George Santos solemnly swears to stop lying while raising new finance questions
Washington DC - You won’t hear any more fibs from Rep. George Santos. He gave his word.
Santos, a New York Republican, told a right-wing news outlet that he will be strictly telling the truth from now on.
“I’ve learned my lesson," he said in an interview with One America News Network Tuesday. "I can guarantee you that from now on anything, everything is always going to be aboveboard."
After months of damaging disclosures that he lied about almost every aspect of his life, Santos asserted that he has been "largely aboveboard" all along.
"It’s largely always been aboveboard," he said. "I’m just gonna go the extra step now to double-check, cross-reference everything."
The new remarks came after Santos agreed to recuse himself from his House committee assignments and later filed an amended campaign finance disclosure form that only raised new questions about his money matters.
The new form that was filed late Tuesday night says Santos personally lent his campaign $500,000. Another $125,000 was loaned by another unnamed entity.
An original version of the form had claimed both loans came from himself and a second version claimed both came from some other entity.
Santos issued a statement that sought to distance himself from his report.
"The report is based on the limited information provided to the campaign from the previous treasurer Nancy Marks," Santos said.
George Santos' false claims take center stage
Marks has said she resigned at the request of the Federal Election Commission, a disclosure that raises questions about whether she is cooperating with state or federal investigations into Santos.
A previous disclosure form listed a replacement for Marks, but that person said he turned down the job.
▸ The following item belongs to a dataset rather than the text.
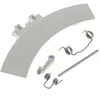 Image de Poignée de hublot pour EWF1486, EWF1674, EWF8000, EWF1276, EWF1076, EWF1676, EWF1276, EWS1066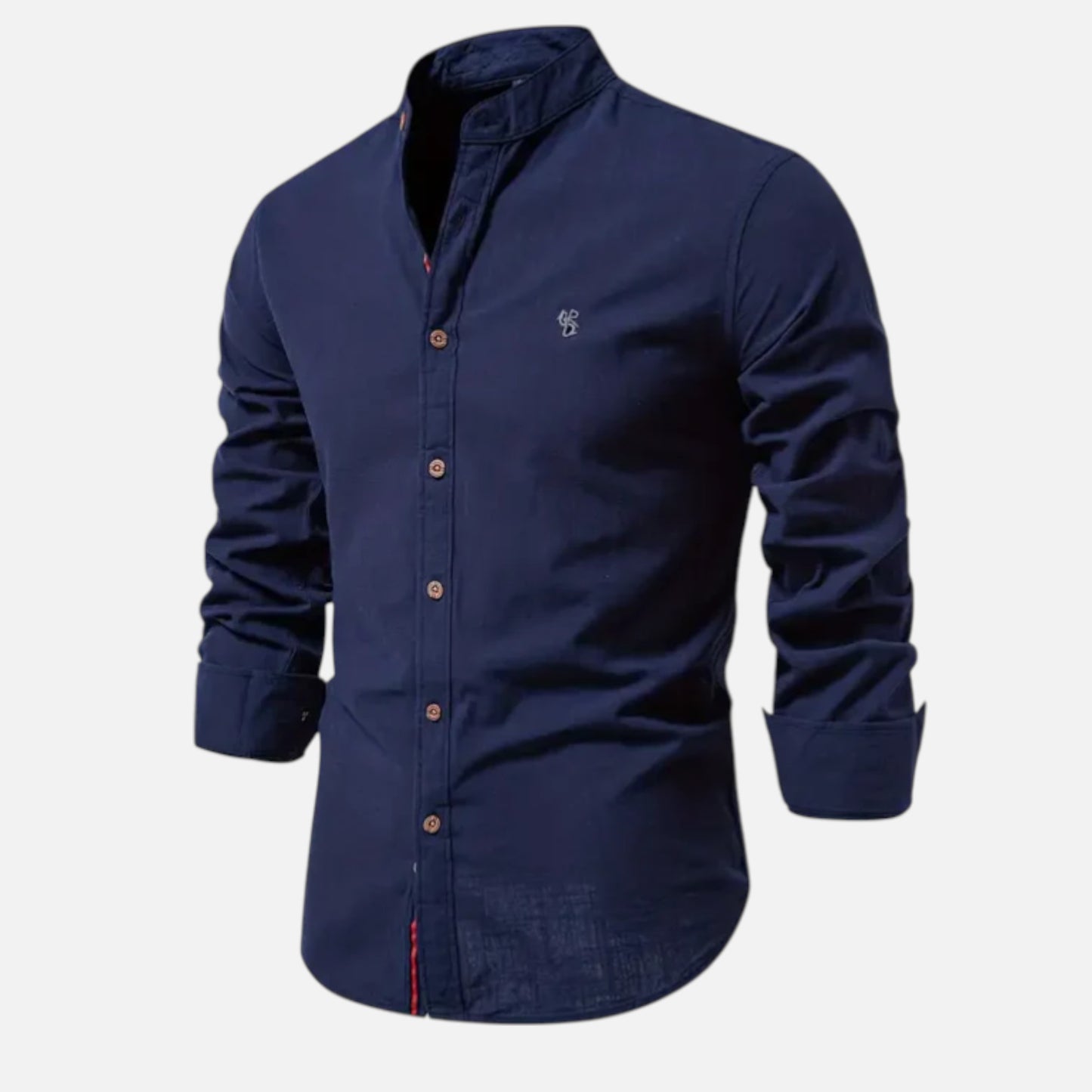 Maison Aurelle | Men’s Button-Up Shirt Slim Fit Premium Fabric Top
The latest supposed treasurer has not yet spoken publicly and appears to have no previous federal campaign finance experience.
Santos, whose district covers parts of Long Island and Queens, has become a headache for House Republicans and a late-night laughingstock after he was exposed for falsely claiming that he worked for big investment banks, went to Baruch College and NYU, and even had Jewish relatives who fled the Holocaust.
He is also facing potentially weightier questions about his finances, which could potentially lead to criminal exposure.
Despite the backlash and calls for him to resign, Santos has said he does not plan on doing so.
The self-styled conservative gay son of Brazilian immigrants claims to be a millionaire, but as recently as 2020, Santos filed paperwork saying he was earning $55,000 a year as a call center worker.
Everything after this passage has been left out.